The prophet Isaiah beautifully elaborates on this theme. He speaks of the Servant of the Lord’s martyrdom on behalf of Israel. His language can be read as a reference to the Israelite’s straying after the Egyptian gods while in bondage in Egypt and the Passover lamb that memorialized their salvation: “We all like sheep have gone astray. Each of us turned to his own way. So, Adonai has laid on Him the iniquity of us all. He was oppressed and He was…Like a lamb led to the slaughter” (Isaiah 53:6-7 emphasis added).
The Apostles pick up on this prophetic connection. Recognizing that Yeshua’s martyrdom during Passover fulfilled Isaiah’s prophecy, they refer to Yeshua as our “Passover Lamb” almost three dozen times in their writings and witnessing (Acts 8:32-33)! The core of the interconnectedness between Yeshua and Passover extends beyond the Apostolic identification of the slaughtering of the Paschal lamb and death on the cross; it is rooted in the last Passover meal He celebrated with His disciples (Luke 22:15).
Jesus Our Passover
During Yeshua’s last Seder, He identified Himself with the main elements of the Passover meal—the matzah (unleavened bread) and wine: “He had taken matzah and offered the bracha [blessing], He broke it and gave it to them, saying, ‘This is My body, given for you. Do this in memory of Me.’ In the same way, He took the cup after the meal, saying, ‘This cup is the new covenant in My blood, which is poured out for you.’” (Luke 22:19-20). These verses, which many Christian denominations feature in their celebrations of the Eucharist or “Lord’s Supper,” raise some questions. How does matzah represent Yeshua’s body? What does it mean for the wine to be his blood? Didn’t Scripture prohibit ingesting blood (Acts 15:28-29; see also Leviticus 17:10)?
Matzah, known as “the bread of faith,” can be compared to the manna in the wilderness. The Israelites left Egypt, embarking on a journey through a vast wilderness with no provisions but the matzah they had hurriedly baked (Deuteronomy 16:3). They put their faith in the Almighty and trusted Him to provide. As a result, He fed them for forty years throughout the wilderness with the manna which rained down from Heaven (Deuteronomy 8:1-3). Yeshua drew on this example of God’s providence when He fed the five thousand at the Sea of Galilee during the Passover season (John 6:1-4).
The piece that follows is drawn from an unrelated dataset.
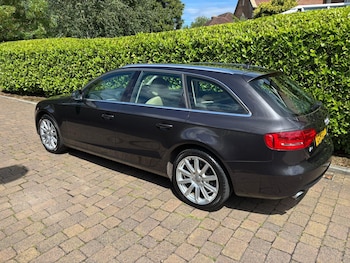 Used Audi A4 Avant 2014 for sale - 78939125: Photo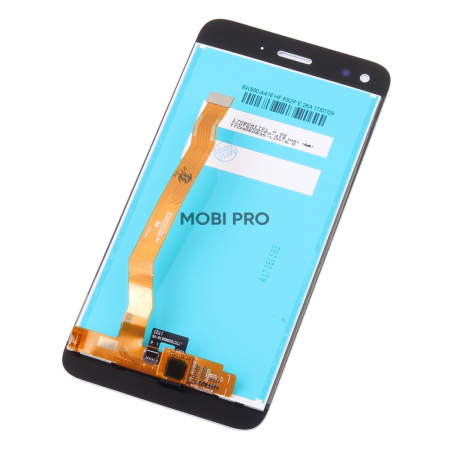 Дисплей для Huawei P9 Lite Mini/Y6 Pro 2017/Nova Lite 2017 (SLA-L22) в сборе с тачскрином Белый - Оптима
In light of this miracle, Yeshua spoke metaphorically to those in the synagogue at Capernaum, identifying Himself with the manna in the wilderness, “I tell you, he who believes has eternal life. I am the bread of life. Your fathers ate the manna in the desert, yet they died…I am the living bread, which came down from heaven…He who eats My flesh…I will raise him up on the last day” (John 6:47-51, 54).
Just as their ancestors physically ingested manna which infused their very bodies with faith, Yeshua called upon those at Capernaum to metaphorically ingest the Messiah sent from above by placing their faith in Him. Yeshua used this same imagery when, at the Seder, He related matzah—the “bread of affliction”—with His body, about to be afflicted on their behalf. He also borrowed from the prophetic imagery of the “blood of grapes” drunk at the Passover Seder to speak of the blood of His sacrificial death. Yeshua masterfully wove together a tapestry of biblical symbols and motifs to give deeper symbolic meaning to the matzah and cups of wine at the Passover Seder.
Understanding the meaning and symbolism so familiar to the Apostles and early believers, let us heed the words of Paul, “In the same way, He also took the cup, after supper, saying, ‘This cup is the new covenant in My blood. Do this, as often as you drink it, in memory of Me.’ For as often as you eat this bread [the matzah] and drink this cup [the four cups at the Seder], you proclaim the Lord’s death until He comes” (1 Corinthians 11:25-26).